RECORDED INFORMATION:

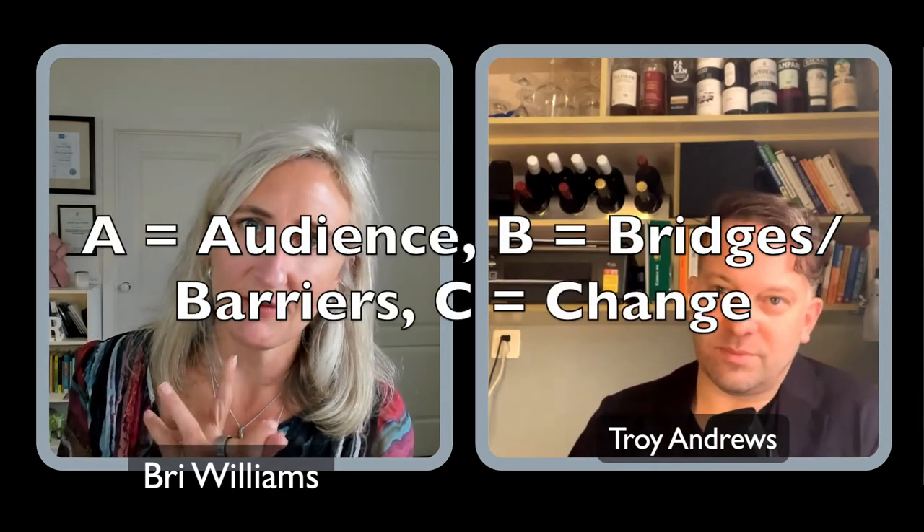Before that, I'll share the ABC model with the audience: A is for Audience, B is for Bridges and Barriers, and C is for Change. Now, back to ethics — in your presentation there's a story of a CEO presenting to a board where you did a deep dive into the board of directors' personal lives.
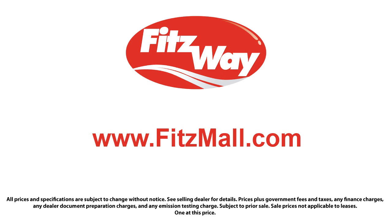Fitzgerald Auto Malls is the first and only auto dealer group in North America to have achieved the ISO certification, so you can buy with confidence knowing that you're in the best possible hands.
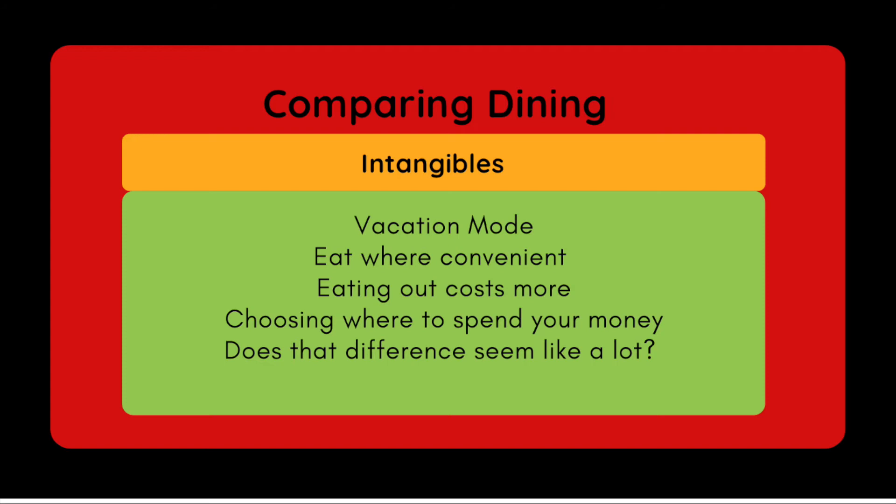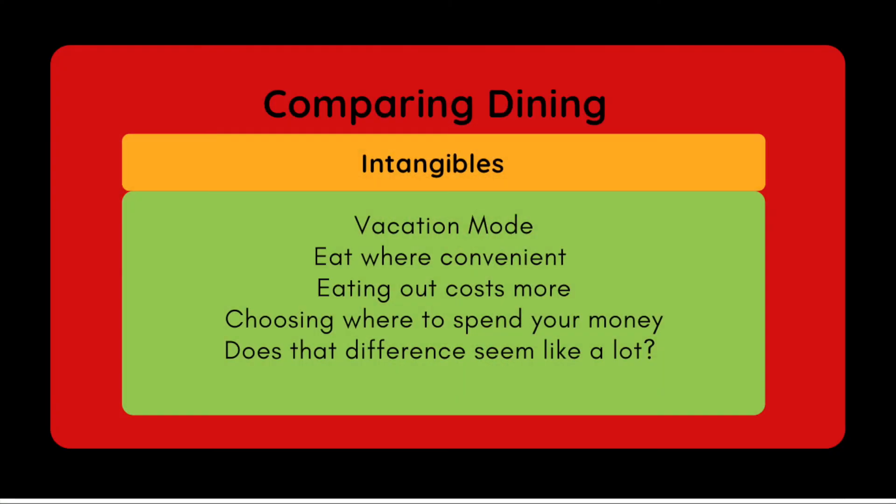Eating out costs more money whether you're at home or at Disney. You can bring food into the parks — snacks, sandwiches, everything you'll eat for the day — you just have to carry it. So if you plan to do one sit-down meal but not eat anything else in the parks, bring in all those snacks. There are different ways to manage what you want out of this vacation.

REQUIREMENT:
Print the data above exactly, minus pictures.

SOLUTION TO THIS TASK:
Before that, I'll share the ABC model with the audience: A is for Audience, B is for Bridges and Barriers, and C is for Change. Now, back to ethics — in your presentation there's a story of a CEO presenting to a board where you did a deep dive into the board of directors' personal lives.
Fitzgerald Auto Malls is the first and only auto dealer group in North America to have achieved the ISO certification, so you can buy with confidence knowing that you're in the best possible hands.
Eating out costs more money whether you're at home or at Disney. You can bring food into the parks — snacks, sandwiches, everything you'll eat for the day — you just have to carry it. So if you plan to do one sit-down meal but not eat anything else in the parks, bring in all those snacks. There are different ways to manage what you want out of this vacation.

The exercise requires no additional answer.